FedEx Corporation (NYSE:FDX): The transportation, e-commerce and business services company beat bottom-line EPS estimates before opening bell Wednesday, but fell just short of revenue expectations. Guidance also came in a little bit light. Investors seemed to focus mostly on the EPS beat as FDX opened more than 1% higher and traded much as 4% higher in the morning session, before giving back the majority of the day’s gains in the afternoon.
EPS Results
Actual $2.13 vs. Expected $1.96
Grew 7.04% year-over-year
Revenue Results
Actual $11.40B vs. Expected $11.44
Grew 3.56% year-over-year
Revenue increased 4.08% from $10.95 billion in the previous quarter
Guidance
EPS Q1 2014: Actual $1.59 vs. Expected $1.63
Earnings per share in the current fiscal year: Actual $6.67-$7.04 vs. $7.28
Key Takeaways from Conference Call
CFO Alan Graf: “FedEx Ground posted another strong year and FedEx Freight margins continued to improve, our profit improvement program is progressing, but we continue to see the effects of customers selecting lower-rate international services. FedEx Express will further decrease capacity between Asia and the United States in July.”

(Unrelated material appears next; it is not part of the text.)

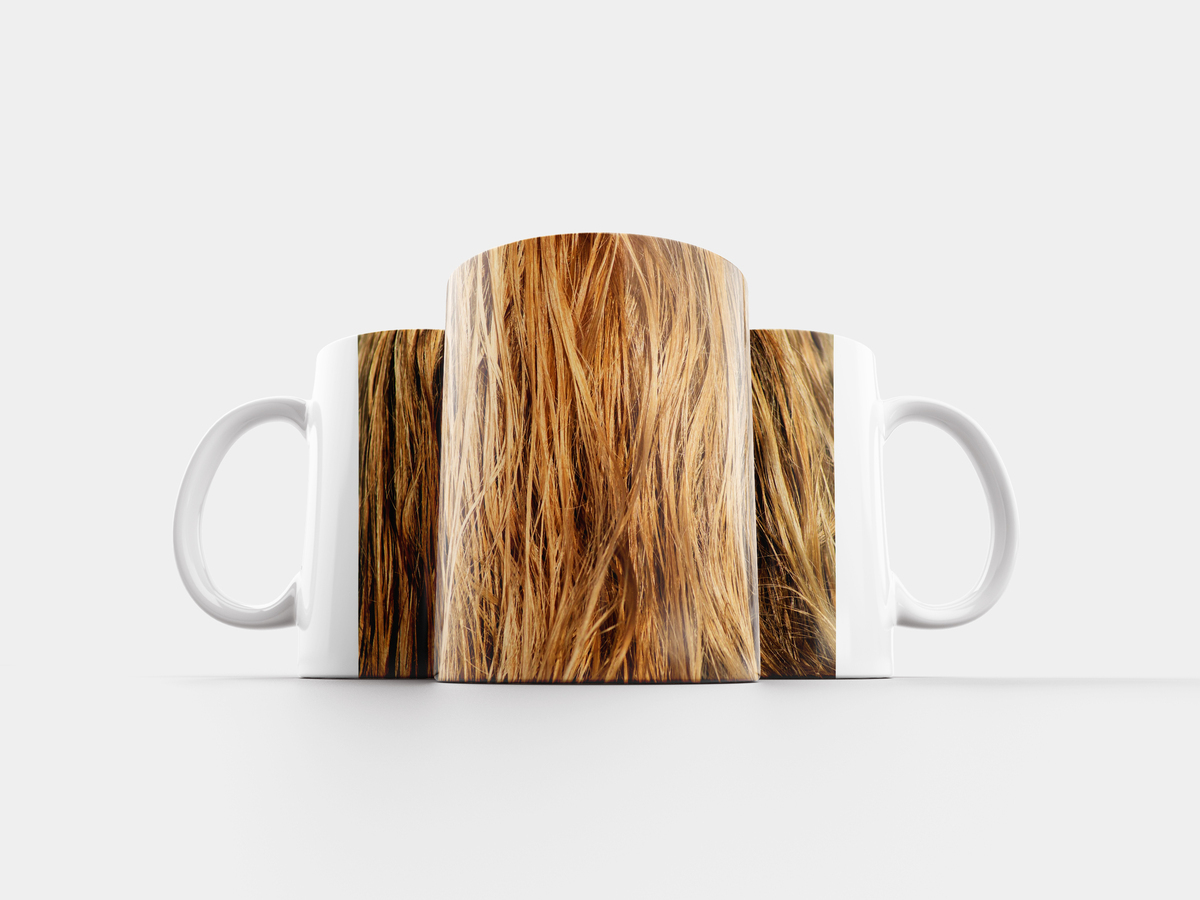 в кружке волос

Taking a Look at the Chart
Pattern: Uptrend/Wedge Pattern
FedEx stock rallied more than 1% pre-market after the release and accelerated higher during the session, briefly making a new multi-month pivot high at $103.47. However, the stock has pulled well off highs and is back near the opening price.
FDX has been in a long-term uptrend since 2009 and has been in a steeper uptrend since September 2012. After a weak earnings report in March the stock fell sharply but found support at the uptrend line. Even more recently, though, FDX has been in a downtrend since making 52-week highs on May 11, creating a wedge-type pattern. With today’s early strength it looked like FDX might break higher out of the wedge, but the afternoon sell-off caused close back in the pattern.